Its early days for this new arrangement and, like Vaga, Turning Point’s precise future role is unclear. But overall, despite the cuts that visual arts organisations are having to make, Worsdale is confident that the sector is resourceful enough to move forward.

“We are a resilient sector and have never been one that has had lots of resources anyway, so even in an organisation as large as Baltic we are always looking at ways of getting the absolute best outcome for our investments and to be as efficient as possible,” Worsdale says.

“I think that it is a defining characteristic of the visual arts.”

Baltic at a glance

The Baltic opened in July 2002 and its inaugural exhibition, B.OPEN, featured work by Chris Burden, Carsten Holler, Julian Opie, Jaume Plensa and Jane & Louise Wilson.

Plans for the gallery began in 1991 when Northern Arts announced an ambition to achieve “major new capital facilities for the contemporary visual arts in central Tyneside”.

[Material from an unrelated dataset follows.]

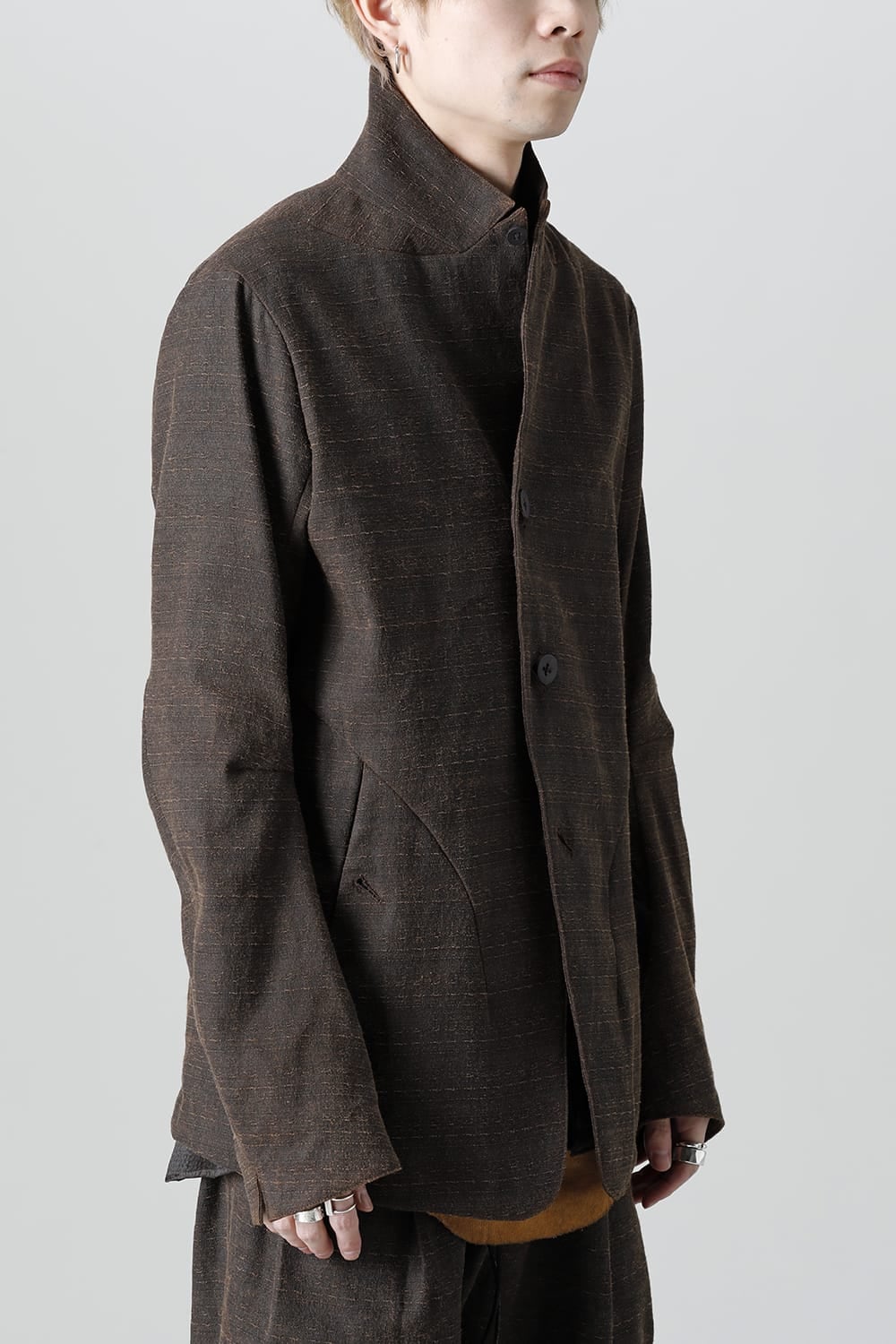 Mud Dyed Broken Slab Cotton Jacket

Work started on Baltic in 1998 and the architect was Ellis Williams Architects. Major funders included the National Lottery through Arts Council England, Gateshead Council, Northern Rock Foundation, the European Regional Development Fund and One NorthEast.

Baltic has hosted more than 40 exhibitions and welcomed nearly four million visitors since opening. Godfrey Worsdale is its fourth director after Peter Doroshenko, Stephen Snoddy and the original director, Sune Nordgren.

Baltic received £2,813,486 in 2011-12 from Arts Council England in the last year under the Regularly Funded Organisations scheme. Under ACE’s new national portfolio system the gallery will receive £2,963,000 in 2012-13, £3,034,112 in 2013-14 and £3,112,999 in 2014-15.

Godfrey Worsdale at a glance

Godfrey Worsdale started his career in the early 1990s at the British Museum, working in the department of prints and drawings. At the same time he established Cultural Instructions, an independent gallery for contemporary art in London.

He moved to Southampton City Art Gallery as a curator in 1995 and became its director within three years. From there he moved to the north east to set up the £14.2m Middlesbrough Institute of Modern Art, which opened in 2007.

Worsdale co-curated Mima’s debut exhibition, Draw, which featured drawings by artists such as Pablo Picasso, Jackson Pollock and Andy Warhol exhibited in relation to works by contemporary artists including Damien Hirst, and Gavin Turk.

Worsdale joined the judging panel of the Zoo Art Fair in 2007 and the Paul Hamlyn Awards in 2008. He is the chairman of the Visual Arts and Galleries Association.

He joined Baltic as its director in November 2008. He is a judge of this year’s Turner  Prize, which Baltic is hosting.